- Film poster
- Directed by: Buzz Kulik
- Screenplay by: Mann Rubin
- Based on: novel 711 - Officer Needs Help by Whit Masterson
- Produced by: Buzz Kulik
- Starring: David Janssen Joan Collins Keenan Wynn Sam Wanamaker Lillian Gish Stefanie Powers Eleanor Parker
- Cinematography: Joseph F. Biroc
- Edited by: Archie Marshek
- Music by: Jerry Goldsmith
- Production company: Bob Banner Associates
- Distributed by: Paramount Pictures
- Release date: January 18, 1967;
- Running time: 100 min.
- Country: United States
- Language: English
- Budget: $2.5 million

= Warning Shot (1967 film) =

1967 film by Buzz Kulik

Warning Shot is a 1967 American crime-thriller film directed and produced by Buzz Kulik and starring David Janssen, Joan Collins, Keenan Wynn, Ed Begley, Stefanie Powers, Sam Wanamaker, George Grizzard, Carroll O'Connor, Steve Allen, Eleanor Parker, Walter Pidgeon, George Sanders and Lillian Gish.
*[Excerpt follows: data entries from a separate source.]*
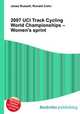 2007 UCI Track Cycling World Championships – Women
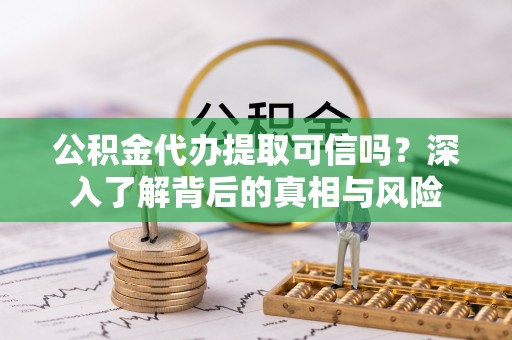 通州公积金代办提取可信吗？深入了解背后的真相与风险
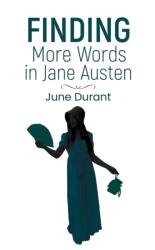 Finding More Words in Jane Austen (ISBN: 9781035897780)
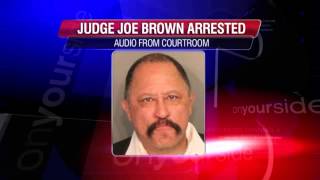 Judge Joe Brown Arrest: Audio From Inside The Courtroom
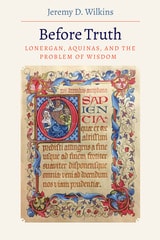 cover of Before Truth: Lonergan, Aquinas, and the Problem of Wisdom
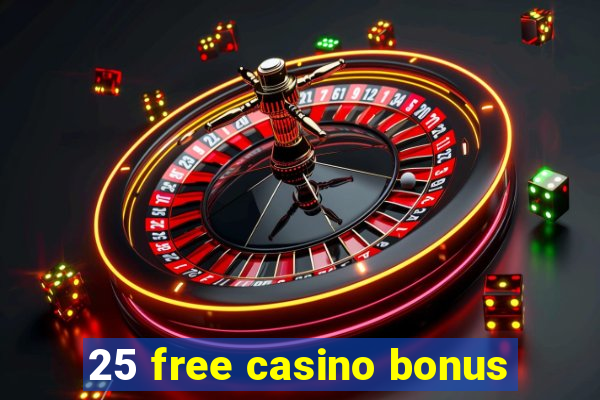 25 free casino bonus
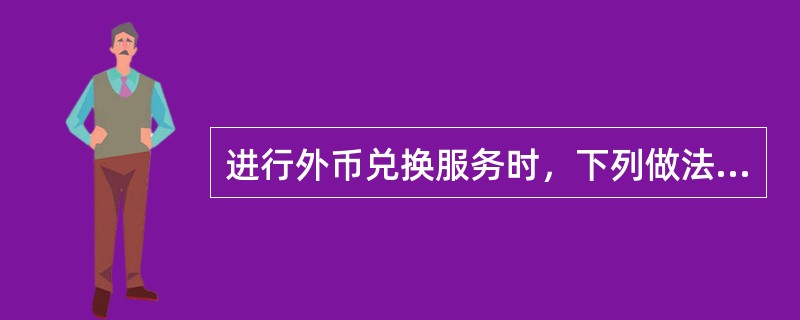 进行外币兑换服务时，下列做法不恰当的是（）。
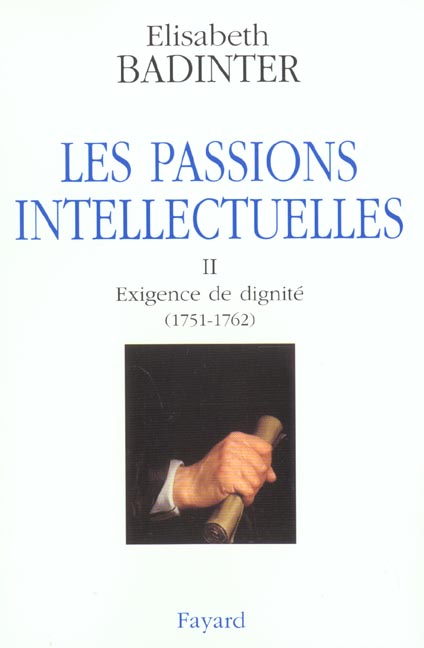 Les passions intellectuelles. Tome 2, Exigence de dignité (1751-1762)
The screenplay concerns a police sergeant who kills a man while on a stakeout, then must prove that it was self-defense. The screenplay by Mann Rubin was based on the 1965 novel 711 - Officer Needs Help by Whit Masterson.
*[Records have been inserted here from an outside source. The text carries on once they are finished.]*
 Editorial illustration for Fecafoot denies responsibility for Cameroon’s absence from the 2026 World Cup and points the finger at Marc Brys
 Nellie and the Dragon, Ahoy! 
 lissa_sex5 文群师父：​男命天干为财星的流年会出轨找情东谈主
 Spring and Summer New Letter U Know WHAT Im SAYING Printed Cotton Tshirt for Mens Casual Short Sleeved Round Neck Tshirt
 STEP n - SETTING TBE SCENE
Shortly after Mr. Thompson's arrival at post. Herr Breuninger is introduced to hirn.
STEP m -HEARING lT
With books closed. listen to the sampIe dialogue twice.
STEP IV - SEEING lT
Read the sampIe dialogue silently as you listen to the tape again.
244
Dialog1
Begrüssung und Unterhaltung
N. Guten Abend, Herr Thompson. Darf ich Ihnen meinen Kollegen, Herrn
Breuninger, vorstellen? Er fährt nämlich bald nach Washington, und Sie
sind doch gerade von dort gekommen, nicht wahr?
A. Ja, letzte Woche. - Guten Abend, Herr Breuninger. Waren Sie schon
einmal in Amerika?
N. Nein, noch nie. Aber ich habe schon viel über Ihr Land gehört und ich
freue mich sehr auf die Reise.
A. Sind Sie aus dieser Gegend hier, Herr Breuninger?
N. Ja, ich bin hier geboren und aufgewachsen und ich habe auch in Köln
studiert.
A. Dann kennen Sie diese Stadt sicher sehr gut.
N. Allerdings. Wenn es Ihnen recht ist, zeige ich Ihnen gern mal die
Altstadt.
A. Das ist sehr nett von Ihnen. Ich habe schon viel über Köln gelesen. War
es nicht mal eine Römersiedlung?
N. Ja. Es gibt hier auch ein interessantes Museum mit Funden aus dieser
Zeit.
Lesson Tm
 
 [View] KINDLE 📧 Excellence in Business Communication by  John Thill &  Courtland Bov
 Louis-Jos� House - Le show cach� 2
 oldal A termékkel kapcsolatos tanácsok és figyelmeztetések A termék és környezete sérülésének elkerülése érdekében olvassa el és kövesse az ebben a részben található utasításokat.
Baseball stars Sandy Koufax and Don Drysdale signed to appear in the film during their 1966 holdout but never made it onto the screen when both agreed to contracts with the Los Angeles Dodgers. Filming took place between the third and fourth seasons of Janssen's television series The Fugitive. The script was written by Mann Rubin, who had authored the Fugitive episode "A Taste of Tomorrow", while the film was directed by Buzz Kulik with a jazz score by Jerry Goldsmith. It was released by Paramount Pictures.

==Plot==
Los Angeles police sergeant Tom Valens is on a stakeout near an upscale apartment complex when he is forced to defend himself from a mysterious figure who aims a gun at him on a foggy night. The trouble is, the dead man turns out to be a prominent physician and pillar of the community, Dr. James Ruston, and his gun cannot be found at the scene.

Valens is in trouble with his department, specifically Roy Klodin, his captain. It doesn't help that Valens is still carrying the memory of having been shot while on duty nearly a year earlier. He is placed under suspension by the force while Frank Sanderman, a prosecutor with a grudge against trigger-happy cops, files manslaughter charges against him.
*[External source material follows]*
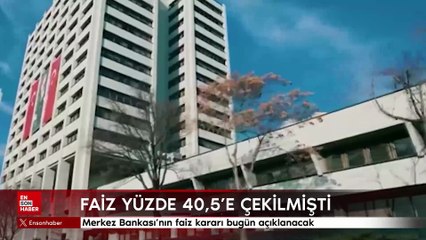 Merkez Bankası’nın faiz kararı bugün açıklanacak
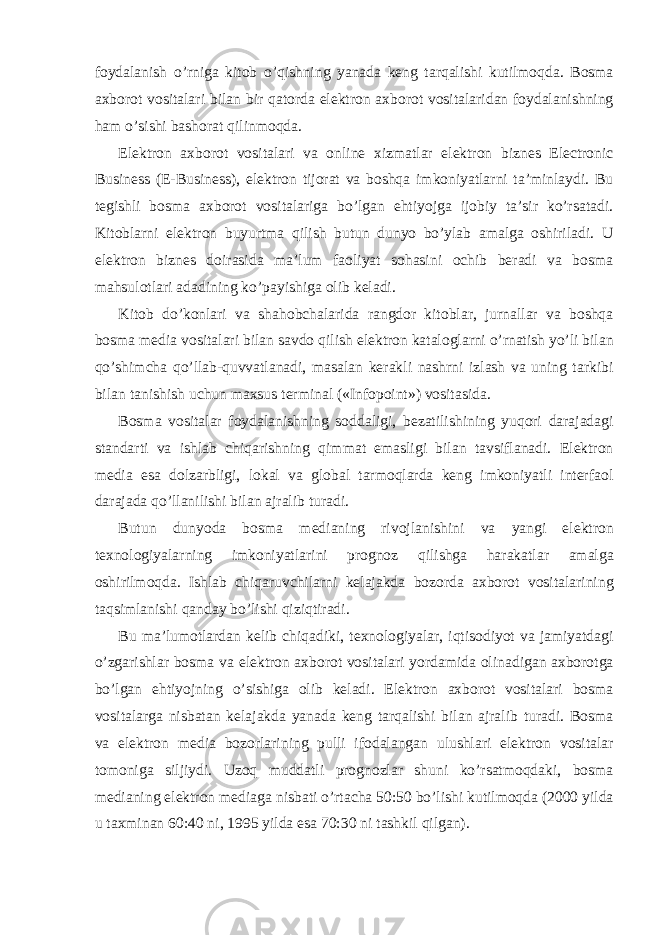 foydalanish o’rniga kitob o’qishning yanada keng tarqalishi kutilmoqda. Bosma axborot vositalari bilan bir qatorda elektron axborot vositalaridan foydalanishning ham o’sishi bashorat qilinmoqda. Elektron axborot vositalari va online xizmatlar elektron biznes Electronic Business (E-Business), elektron tijorat va boshqa imkoniyatlarni ta’minlaydi. Bu tegishli bosma axborot vositalariga bo’lgan ehtiyojga ijobiy ta’sir ko’rsatadi. Kitoblarni elektron buyurtma qilish butun dunyo bo’ylab amalga oshiriladi. U elektron biznes doirasida ma’lum faoliyat sohasini ochib beradi va bosma mahsulotlari adadining ko’payishiga olib keladi. Kitob do’konlari va shahobchalarida rangdor kitoblar, jurnallar va boshqa bosma media vositalari bilan savdo qilish elektron kataloglarni o’rnatish yo’li bilan qo’shimcha qo’llab-quvvatlanadi, masalan kerakli nashrni izlash va uning tarkibi bilan tanishish uchun maxsus terminal («Infopoint») vositasida. Bosma vositalar foydalanishning soddaligi, bezatilishining yuqori darajadagi standarti va ishlab chiqarishning qimmat emasligi bilan tavsiflanadi. Elektron media esa dolzarbligi, lokal va global tarmoqlarda keng imkoniyatli interfaol darajada qo’llanilishi bilan ajralib turadi. Butun dunyoda bosma medianing rivojlanishini va yangi elektron texnologiyalarning imkoniyatlarini prognoz qilishga harakatlar amalga oshirilmoqda. Ishlab chiqaruvchilarni kelajakda bozorda axborot vositalarining taqsimlanishi qanday bo’lishi qiziqtiradi. Bu ma’lumotlardan kelib chiqadiki, texnologiyalar, iqtisodiyot va jamiyatdagi o’zgarishlar bosma va elektron axborot vositalari yordamida olinadigan axborotga bo’lgan ehtiyojning o’sishiga olib keladi. Elektron axborot vositalari bosma vositalarga nisbatan kelajakda yanada keng tarqalishi bilan ajralib turadi. Bosma va elektron media bozorlarining pulli ifodalangan ulushlari elektron vositalar tomoniga siljiydi. Uzoq muddatli prognozlar shuni ko’rsatmoqdaki, bosma medianing elektron mediaga nisbati o’rtacha 50:50 bo’lishi kutilmoqda (2000 yilda u taxminan 60:40 ni, 1995 yilda esa 70:30 ni tashkil qilgan).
Setting out on his own to clear his name, Valens meets resistance from many including Ruston's financial adviser, Calvin York, and the doctor's alcoholic and flirtatious widow, Doris Ruston. Also unwilling to be of help to Valens is the doctor's nurse, Liz Thayer, who knew Ruston only as a humanitarian who made many trips to Mexico to unselfishly aid people in need. Even the elderly lady whom Dr. Ruston often came to visit, Alice Willows, speaks only with devotion to the doctor, who was very kind to her beloved dog. As Valens investigates Dr. Ruston, he learns that his public image does not match his real life, where he was unfaithful to his wife and had money troubles which mysteriously disappeared when Dr. Ruston doubled his income a few years prior.

The controversial cop's lone defender in public is acerbic television personality Perry Knowland, who turns out to be doing so only to increase his viewership. While trying to find some reason why Ruston would have been skulking in the fog near the apartments and brandishing a gun, Valens meets Alice Willows again after her dog passes away and she has him buried with all of his toys at a nearby pet cemetery.

Among the few offering a sympathetic ear are his estranged wife, Joanie, and another apartment resident, Walt Cody, a playboy pilot. Cody volunteers to fly Valens down to Mexico to see first-hand why Dr. Ruston commuted there so often. Complications arise when Liz Thayer is found dead in Ruston's ransacked office, obliging Valens' partner, Sgt. Ed Musso, to try to place his friend under arrest.

Upon learning that Ruston's office was ransacked, Valens overpowers Musso and goes with Cody to the pet cemetery. They dig up Willows' dog and find Ruston's gun in the casket. Valens deduces that the dog, who liked Ruston, smelled the doctor's scent on the gun and brought it back to Willows' apartment. The barrel of the gun is packed with thousands of dollars of pure heroin. Valens tells Cody that Ruston had doubled his income by using his trips to Baja to cover a drug smuggling operation and that he knows Cody was Ruston's partner in the scheme. Cody draws a gun on Valens, but Valens shoots him dead.

==Cast==
- David Janssen as Sgt. Tom Valens
- Joan Collins as Joanie Valens
- Ed Begley as Capt. Roy Klodin
- Keenan Wynn as Sgt. Ed Musso
- Sam Wanamaker as Frank Sanderman
- Lillian Gish as Alice Willows
- Stefanie Powers as Liz Thayer
- Eleanor Parker as Mrs. Doris Ruston
- George Grizzard as Walt Cody
- George Sanders as Calvin York
- Steve Allen as Perry Knowland
- Carroll O'Connor as Paul Jerez
- Walter Pidgeon as Orville Ames

==Home media==
The film was released on DVD in 2005.